Watched Sweet Home Alabama last night, because it's just about all I had the energy to do. I was exhausted. (More on that later).
Yes, it was predictable, dopey, but lots of fun. It touched on, albeit in a hamfisted Hollywood manner, some interesting aspects of leaving home to make your identity and fortune. And there's a scene in a coon dog graveyard that made me weep...cuz it's all about the loyalty of a dog (well, it's a plot device, too, but I try to give movies the benefit of the doubt, especially when it comes to dogs) and Coney was in my lap as I watched...
And I am following up Naked Brunch with a suspense novel by Maggie Estep (you can read the first chapter here). It's set in Brooklyn, and reads like a hybrid of Motherless Brooklyn and Like a Hole in the Head. Fun and gritty and smart, but not too taxing on the grey matter. Perfect summer subway reading.
I went so long w/o reading on the train, just cultivating awareness of my surroundings and breath. I feel a little slackerly taking up the habit again. But I also missed having a novel companion, so I'm balancing the two things by only reading when the train is in Brooklyn (about half the commute).
So: yeah. I'm really fatigued. I'm wondering if it's the lack of cardio since I started slow-burn lifting, or just PMS, or the way I fell mightily off the low-carb wagon this week. Or just garden variety crabbiness and depression caused by frustration with my job.

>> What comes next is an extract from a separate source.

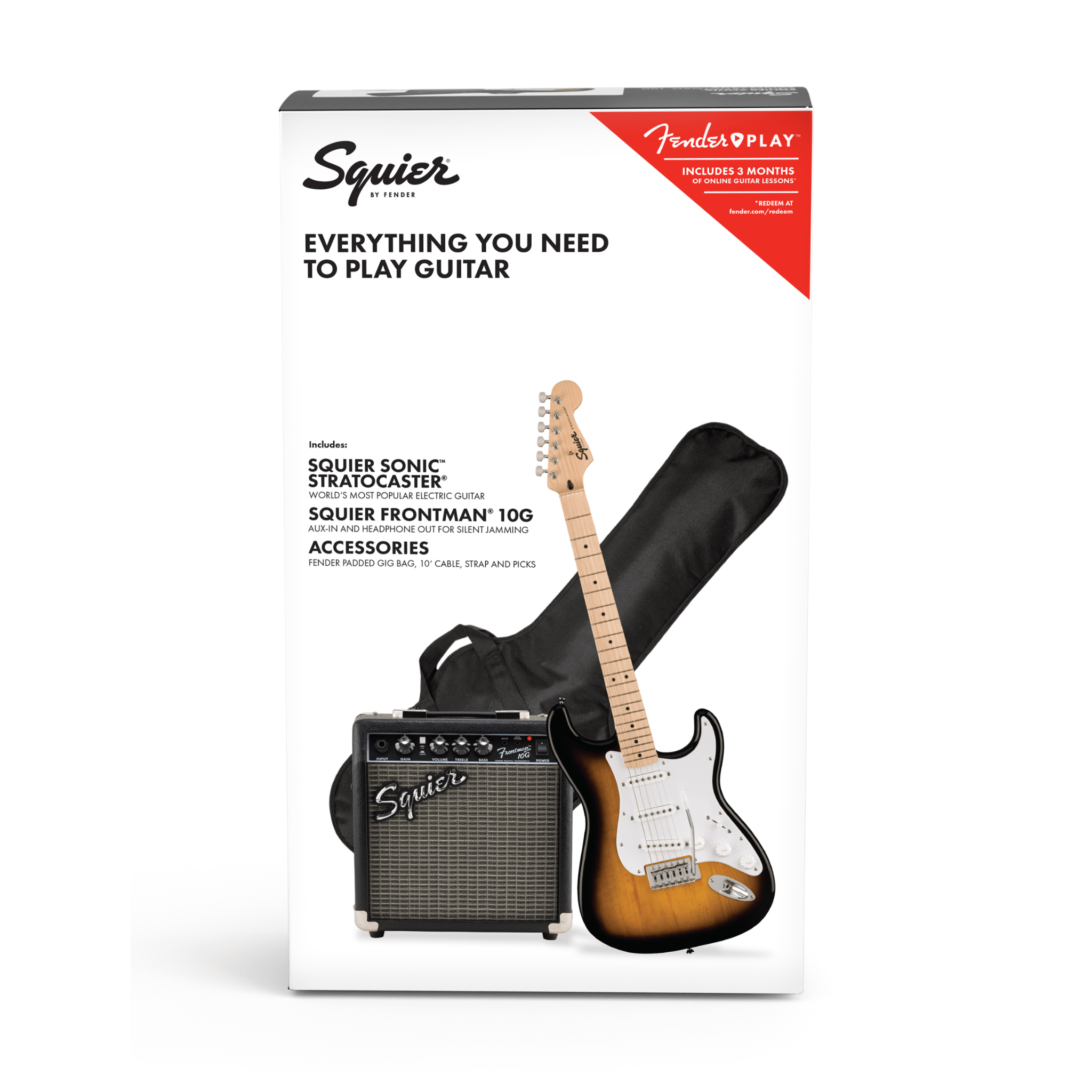 COMBO GUITARRA ELECTRICA SQUIER SONIC STRAT SUNBURST MAPLE MOD0371720003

I haven't told you about that, dear diary, because I feel lucky to be working when so many of my friends are unemployed. But ever since they told me they weren't hiring me permanently, I've had a tiny chip on my shoulder. I am still doing a good job, but I am not as bright-eyed and bushy-tailed as I was the first three months here.
There is a real lack of vision and leadership around here, too, and a lot of wasteful practices. Projects get started and never finished because no one knows how to lead. I work entirely on my own with very little guidance or feedback. I like the freedom, of course, but it's born of neglect from the higher-ups rather than any enlightened managerial philosophy.
Anyway, we'll see how it goes. If, at the end of summer, they still haven't offered me a job here, I will negotiate for a higher hourly wage or fewer hours (cuz I hate working 9-to-5).